57 F.3d 1067
NOTICE: Fourth Circuit I.O.P. 36.6 states that citation of unpublished dispositions is disfavored except for establishing res judicata, estoppel, or the law of the case and requires service of copies of cited unpublished dispositions of the Fourth Circuit.
UNITED STATES of America, Plaintiff-Appellee,
Christopher AKPALA, Defendant-Appellant.
United States Court of Appeals, Fourth Circuit.
Submitted: May 18, 1995.
Decided: June 16, 1995.
Michael E. Kaminkow, Harry Levy, Lawrence M. Hettleman, Schulman, Treem, Kaminkow & Gilden, P.A., Baltimore, MD, for Appellant.

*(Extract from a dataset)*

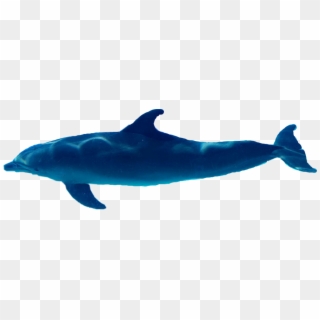 Delfin Sticker - Whale Clipart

Deborah A. Johnston, Office of the United States Attorney, Greenbelt, MD, for Appellee.
Before NIEMEYER and WILLIAMS, Circuit Judges, and BUTZNER, Senior Circuit Judge.
Christopher Akpala appeals from his resentencing after the district court granted the Government's sentence reduction motion pursuant to Fed.R.Crim.P. Rule 35(b). Akpala's attorney filed a brief in accordance with Anders v. California, 386 U.S. 738 (1967), noting two issues but stating that, in his view, there are no meritorious issues for appeal. Akpala filed a supplemental brief claiming, on several grounds, that his sentence should be reduced further.
The district court granted the Government's Rule 35(b) motion for a two-level downward departure to account for Akpala's postconviction assistance. Akpala's new guideline range became fiftyseven to seventy-one months and the district court sentenced him to a term of sixty-four months. Since Akpala's sentencing range was properly calculated, under 18 U.S.C. Sec. 3742(a) (1988), this court has no authority to consider Akpala's or his attorney's contentions on appeal. An appellate court lacks jurisdiction to review a district court's decision in setting a sentence anywhere within a properly calculated sentencing range. United States v. Jones, 18 F.3d 1145, 1151 (4th Cir.1994).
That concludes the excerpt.